The total industry production for the year 2012 was 218,069 tons, the lowest in over two decades. The production of the Skeldon factory was a total of 33,309 tons of sugar. Albion for example produced 54,022 tons. By this time, according to all of GuySuCo’s projections, Skeldon should be producing 100,000 tons of sugar. The disaster that is the Skeldon Sugar Modernisation Project [SSMP] continues and the time has come to ask if it is viable? At the very least a commission of enquiry should be set up to examine what has happened? and what is the way forward if in fact there is one.
For example the losses of sugar at the Skeldon factory are frightening.
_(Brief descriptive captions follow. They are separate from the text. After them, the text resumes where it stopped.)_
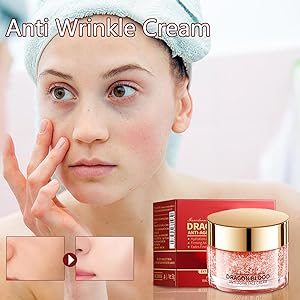 Skin tightening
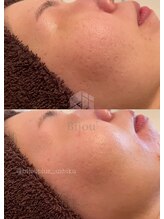 ビジュープラス ひたち野うしく店(Bijou+)/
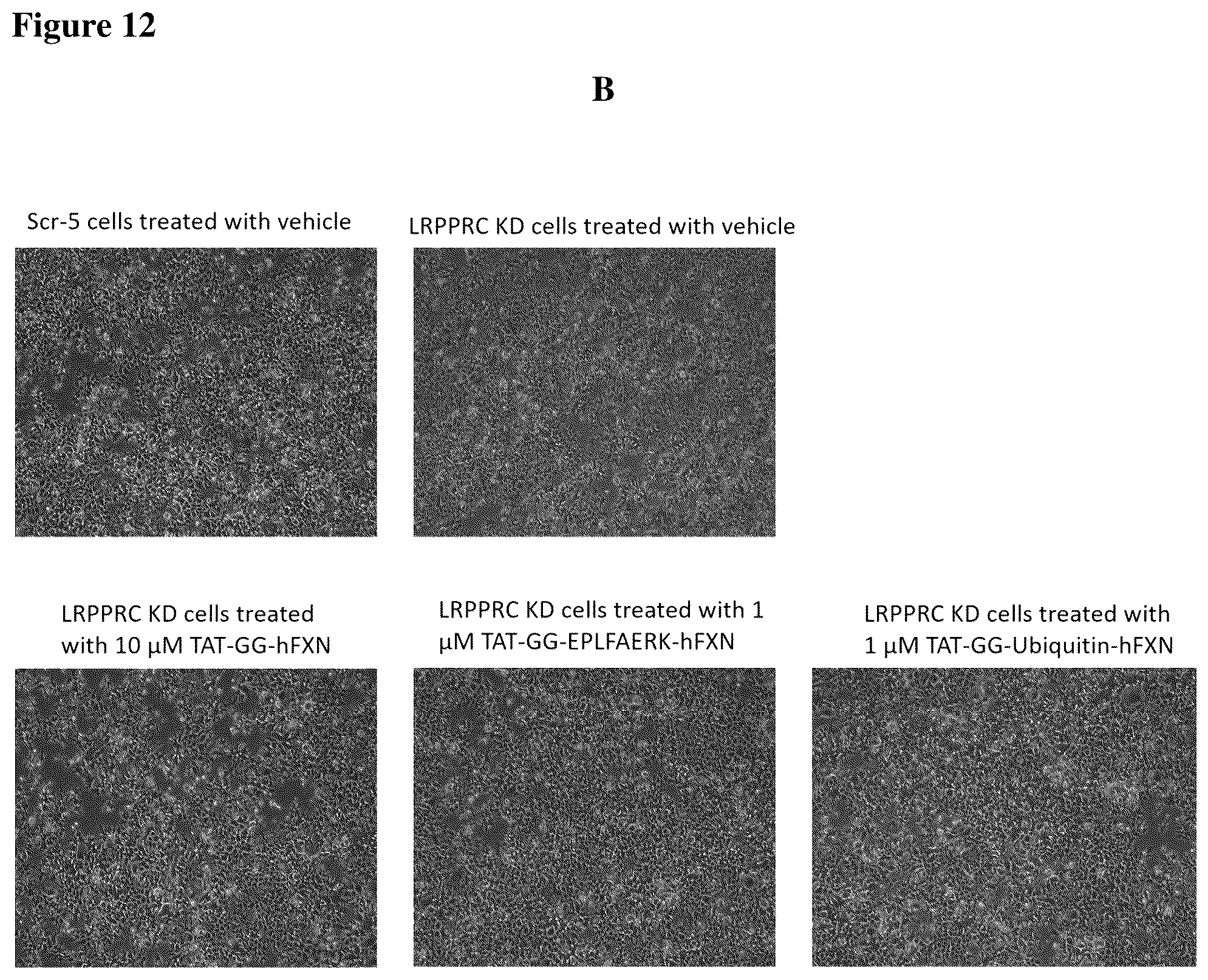 Patent US12351611 Figure 20 – Molecules for organelle-specific protein delivery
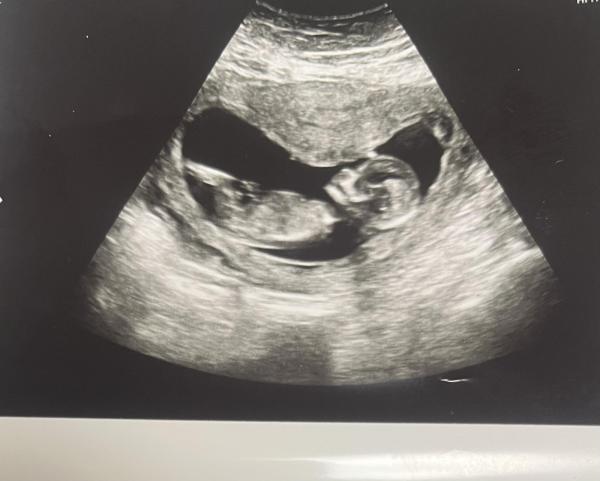 Bild zu Wer hat Ahnung von der Nub Theorie - Schwanger - wer noch? Rund um die Schwangerschaft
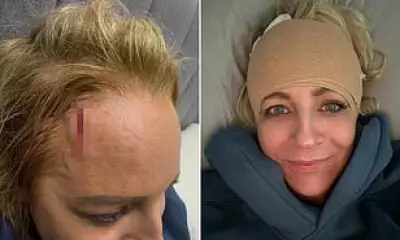 Carrie Bickmore Shares Graphic Head Injury Photos After Wall Collision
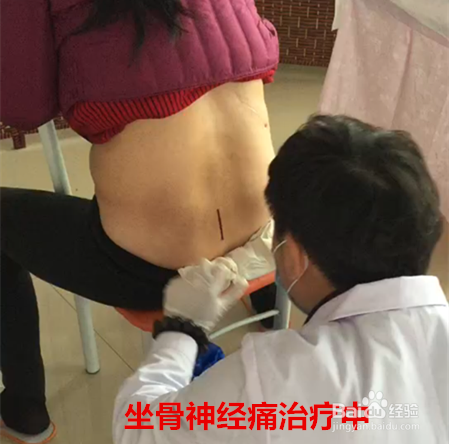 刺血的理论依据及基本原则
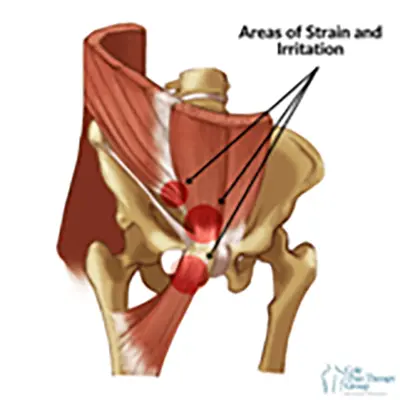 Surgical treatment - Benjamin Domb MD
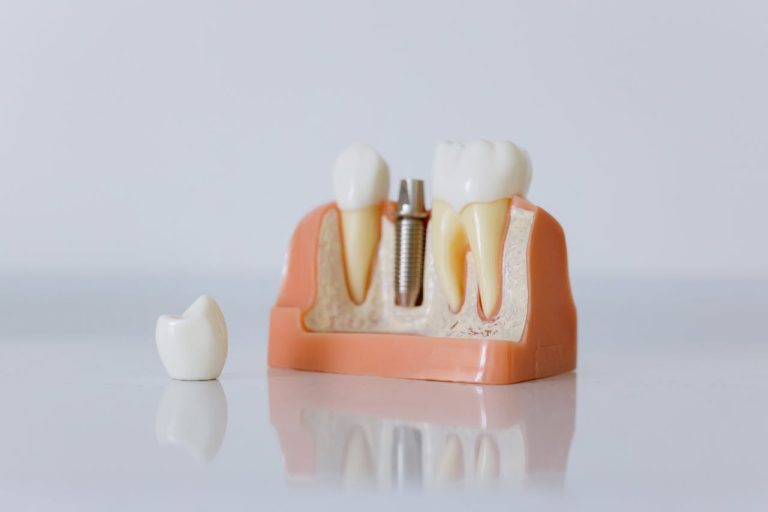 Why It Is Important to Replace an Extracted Tooth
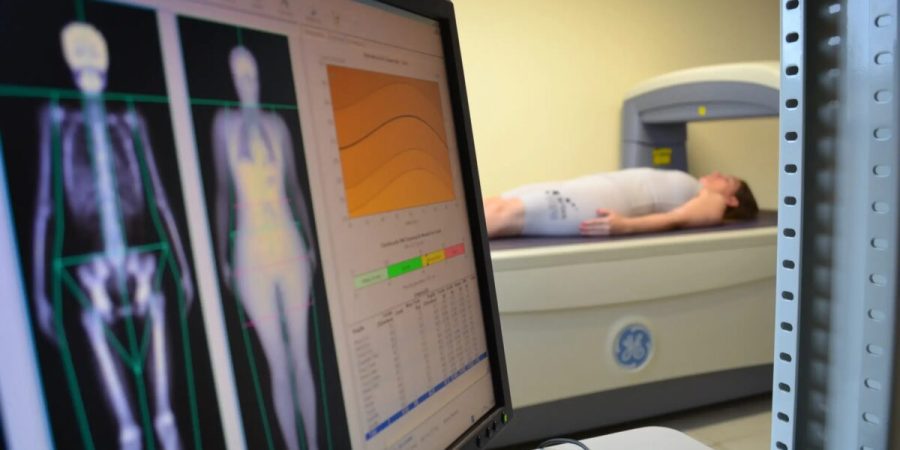 Estudo da UFPel registra excesso de peso em 66,5% aos 30 anos – PIRANOT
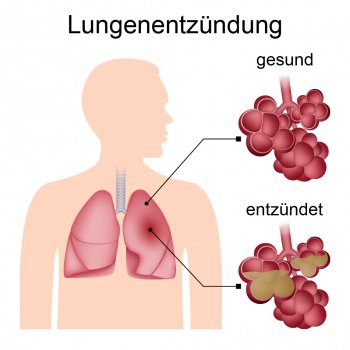 Anzeichen einer Lungenentzündung Wenn aus Husten eine Lungenentzündung wird - © anatolir/stock.adobe.com_adaptiert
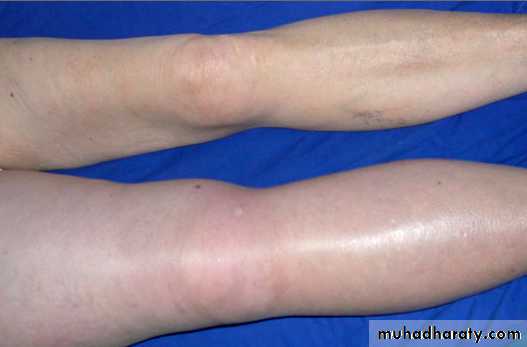 venous disorders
Sugar is haemorrhaging at this state of the art factory in massive quantities, in the filter press mud 1.18% of the sugar is lost, the highest in the industry, Albion for example was 0.51%. In the molasses 17.49% is lost, again the highest in the industry, Albion for example is 9.40%. The undermined losses at Skeldon were 6.45%, again the highest in the industry, Albion for example was only 1.29%. The boiling house recovery was also unacceptably low. The boiling house efficiency was the lowest in the industry at 88.67% whilst Albion was 99.52%, and the industry average was 97.40%.
The field data is equally depressing. The yield per hectare of sugar at Skeldon was 2.81 tons, the lowest in the industry. Albion by comparison yielded 5.35 tons sugar per hectare in 2012, but compared to our recent 30 years average of 2.5 tons per acre or 6.17 tons sugar per hectare, the industry average in 2012 was only 5 tons sugar per hectare. I won’t even try to show how this compares with Brazil and Australia but taken as a total around the planet the normal production average is more like 10 tons sugar per hectare.
All in all a very dismal performance at all estates but especially at Skeldon.